## DART: Dropouts meet Multiple Additive Regression Tree

*Rashmi, K. V., & Gilad-Bachrach, R. (2015). DART: Dropouts meet Multiple Additive Regression Trees, 38. Retrieved from http://arxiv.org/abs/1505.01866*

- In MART, subsequent predictors typically focus on a small part of the learning problem and have limited predictive power:
- the first trees have significant contributions, but later trees are overspecialised, only affecting a small fraction of training instances
- thus the ensemble is very sensitive to the decisions of the first trees.

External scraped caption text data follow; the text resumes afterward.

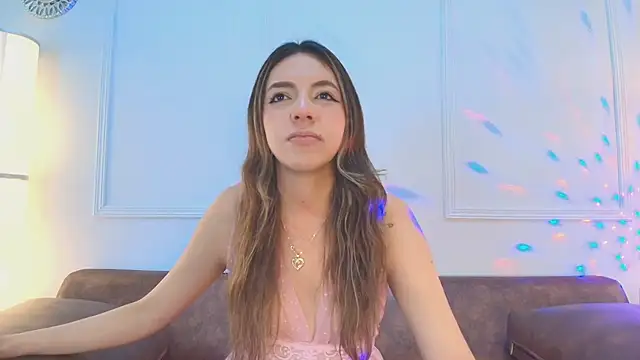 kittyblooms online show from 07-24-26, 02:15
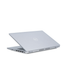 Dell Latitude 5430 i7 12th Gen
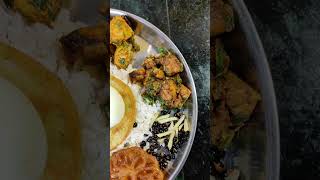 Newari khaja set | Festival recipe | Ethnic food recipe | Hmaro Chula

- DART uses the dropout method from deep neural networks: each boosting round neglects a portion of the trees. DART is thus somewhere between MART and Random Forest – the latter two can be seen as special cases of DART.

### The DART algorithm

- Let
*M* denote the current model after *n* iterations such that $M = \sum_{i=1}^n T_i$, with $T_i$ as the tree learnt during the ith iteration.
- DART randomly selects a subset $I \subset \{ 1, \ldots, n\}$ and creates a model $M = \sum_{i \in I} T_i$.
- The new tree is then fit to the negative gradient of the loss, as is the case with MART.
- But reintroducing the dropped trees along with this new tree may ‘overshoot’ the target, so the new tree is scaled by $\frac{1}{1 + |D|}$ and dropped trees are scaled by $\frac{|D|}{1 + |D|}$, where
*D* is the set of dropped trees.
- Trees are selected to be dropped with a
*Binomial-plus-one* technique: each existing tree is dropped with probability $p$, but if none are dropped then one will be randomly selected.

### Experiment results

- On ranking tasks, DART beat the previous winners (who used MART) by the same margin that the winner beat 5th place.
- For regression, DART outperforms MART and Random Forest even when restricted to one drop per round.
- For facial recognition, DART had a higher recall but lower accuracy than MART.